■ Exercise details
Print each record below precisely, with every picture left out of the copy.

■ Information
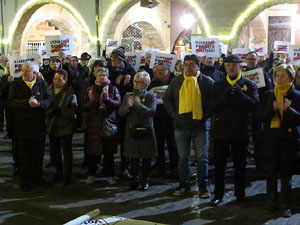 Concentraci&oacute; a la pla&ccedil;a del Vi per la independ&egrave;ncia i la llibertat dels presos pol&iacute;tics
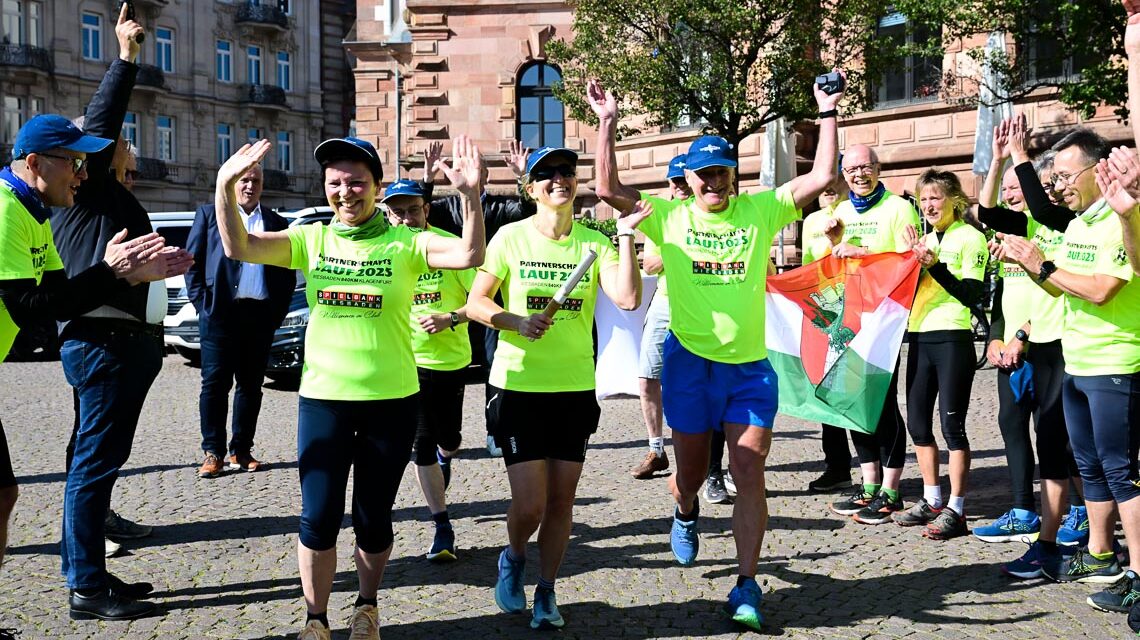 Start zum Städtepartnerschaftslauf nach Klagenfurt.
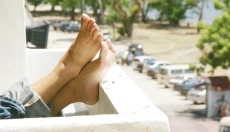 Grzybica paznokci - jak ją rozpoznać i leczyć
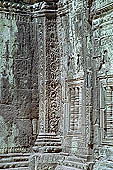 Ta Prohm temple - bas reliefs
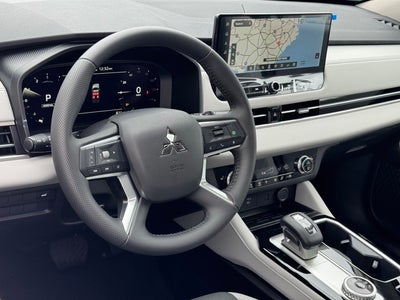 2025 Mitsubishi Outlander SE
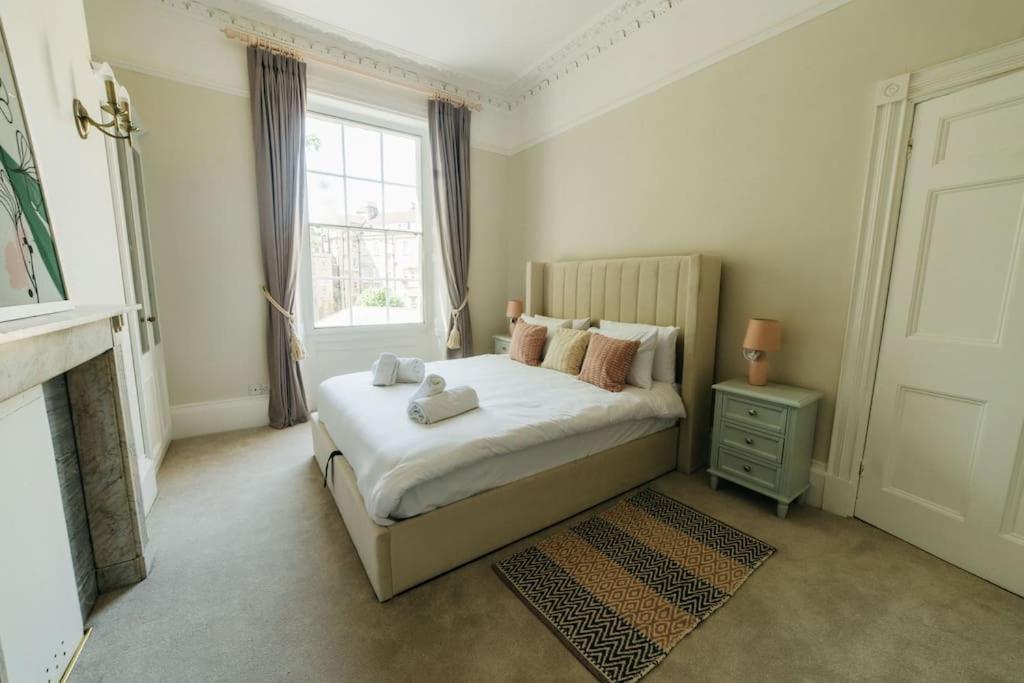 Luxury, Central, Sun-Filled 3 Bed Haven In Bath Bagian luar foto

■ The completed task
 Concentraci&oacute; a la pla&ccedil;a del Vi per la independ&egrave;ncia i la llibertat dels presos pol&iacute;tics
 Start zum Städtepartnerschaftslauf nach Klagenfurt.
 Grzybica paznokci - jak ją rozpoznać i leczyć
 Ta Prohm temple - bas reliefs
 2025 Mitsubishi Outlander SE
 Luxury, Central, Sun-Filled 3 Bed Haven In Bath Bagian luar foto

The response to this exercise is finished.